You got the meaning of the verb right, but the tense wrong. It's "I missed you." But see this post as well.



miyax said:


> does the sentence sou elipso poli make any sense in Greek?



The only problem is you added the present tense ending, so it doesn't make sense because of that. But σου έλειψα (sou elipsa) would mean "you missed me."


----------



## skatoulitsa

miyax said:


> Can anyone tell me what the verb in the sentence means? If it is something like "I miss you"...



Μου έλειψες = I missed you
Μου λείπεις = I miss you
Σου έλειψα = You missed me
Σου λείπω = You miss me



miyax said:


> ...does the sentence sou elipso poli make any sense in Greek? S´evharistó



I think that you are maybe confusing the subject of the sentence. In the english expression, "I" is the subject, but in the greek expression "you" is the subject. It is basically equivalent to "you are missing to me".

It works in exactly the same way as the spanish "me faltas", where "tú" is the subject.


----------



## miyax

thanks! but I did not confuse the subject, I just mixed tenses as ModusIrrealis said!  My knowledge of aoristo is very scarce  that´s why. Now everything is bright & clear to me! thanks


----------



## ics

Hi miyax!  
The _aoristos _of λείπω:

εγώ *έ*λειψ*α*
εσύ *έ*λειψ*ες *
αυτός/αυτή *έ*λειψ*ε*
εμείς λείψ*αμε*
εσείς λείψ*ατε*
αυτοί *έ*λειψ*αν*

ego elipsa
esy elipses
aftos-afth elipse
emis lipsame
esis lipsate
aftoi elipsan


----------



## miyax

thanks so much ics, very helpful!!


----------



## MonsieurAquilone

Is that where English speakers get ellipsis from?


----------



## miyax

MonsieurAquilone said:


> Is that where English speakers get ellipsis from?


Hello! I am not an English speaker, but I suspect it is from _ancient _Greek where we all get "ellipsis" from!  in most European languages, including Spanish (spelt "elipsis").
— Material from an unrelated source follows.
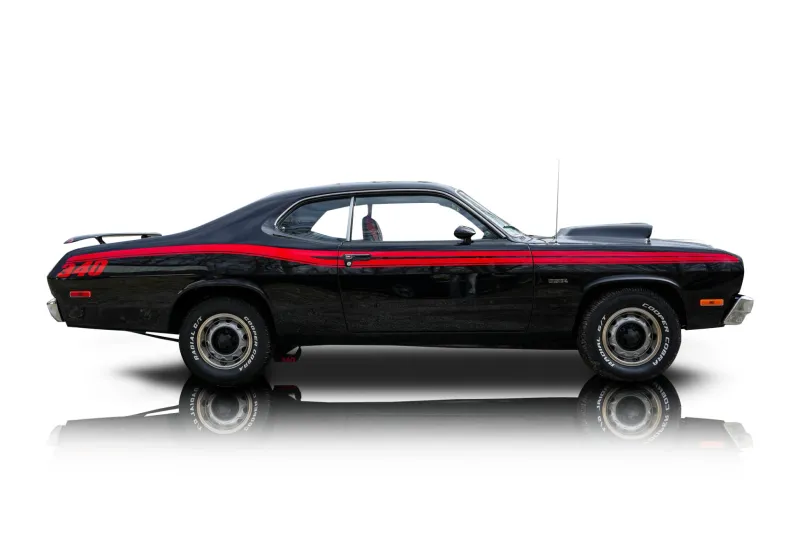 An incredible side shot photo of aPlymouth Duster that you should buy.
Regards!


----------



## ireney

Oh monsier Aquilone I hadn't seen your post. Miyax is right and you are right in a way. As Miyax already mentioned, the English, Spanish and any oher language that uses the word ellipsis/elipsis got it from the ancient Greek έλλειψις (can't do breathing marks on this PC).

'Ελλειψις (έλλειψη in modern Greek) and modern Greek λείπω both come from the ancient Greek λείπω, λείπειν (1st person sing Present and infinitive respectively) . 
Ellipsis comes from En (meaning in, into usually) + "leipsis" (from Leipein, if I am not mistaken never encountered by itself, without a preposition)


----------



## MonsieurAquilone

Thank you for the interesting information!


----------



## ics

miyax said:


> thanks so much ics, very helpful!!


 
Παρακαλώ (parakalo) miyax!


----------